Bankruptcy is not a car wash

Posted by / in After Bankruptcy / 2 comments

I don’t take the “car wash” approach to bankruptcy.

Car wash approach?  What’s that?

At the car wash, you drive up, pay them, they run your car through, and you drive off.  The car wash doesn’t care where you have been, or where you’re going.  They don’t care what happens once the car wash is over.

The car wash doesn’t care where you’ve been or where you are going. Your lawyer should.

As your lawyer, I do care about those things.  I care about where you’ve been and where you are going–that can have a lot of impact on when and how I file your papers.  And I certainly care what happens to you afterward: if somebody tries to take away from your the new start, I sue.

Let me give you an example.  Late last month a couple came to see me at the recommendation of a friend.  They had had the “car wash” experience when they filed bankruptcy in 2009 with another lawyer.

About six months later,  they got contacted on a yellow pages account, from a small business they had.  The yellow pages said they would sue their business; and sue them personally, as guarantors.

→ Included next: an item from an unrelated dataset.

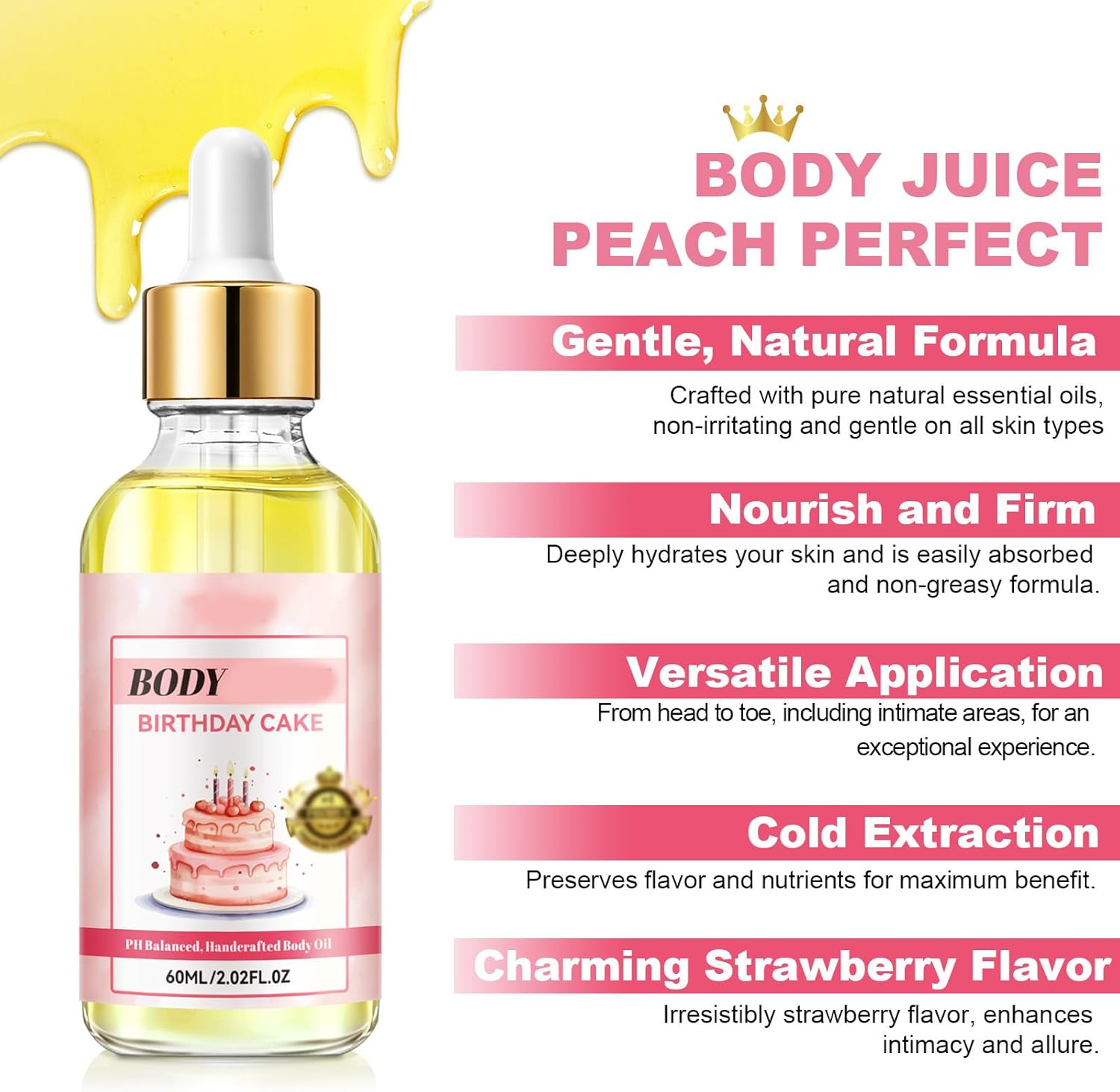 60ML Coconut Cream Pie Body Oil, Body Juice Oil Vanilla, Handcrafted Body Oil Coconut Cream Pie, Hand-Crafted Body Oil for Women, That Fills Body with Fragrance (A) - B image number 2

They didn’t even bother to talk to the lawyer who had done their bankruptcy–he had told them (after the personal bankruptcy was over), that they still needed a business bankruptcy, too, and he didn’t do business bankruptcies.

Not knowing where to turn,  they decided to try to work something out with the yellow pages company.  They weren’t able to work anything out and the yellow pages eventually got a judgment against them and their business.  Then a friend steered them to me.

We spent an hour together.  I told them they did not need to file a business bankruptcy.  A chapter 7 for their business would do exactly nothing for them.  A corporation cannot get a Chapter 7 bankruptcy discharge.  They did need to set up a new business; and working with their business advisers, select the best time to start doing their business in through the new business.  (I gave them my blog on that.)

Second, it was an outrageous violation of the law for the yellow pages to sue them personally!  Business debt or not–their personal liability was cleaned up by their personal bankruptcy!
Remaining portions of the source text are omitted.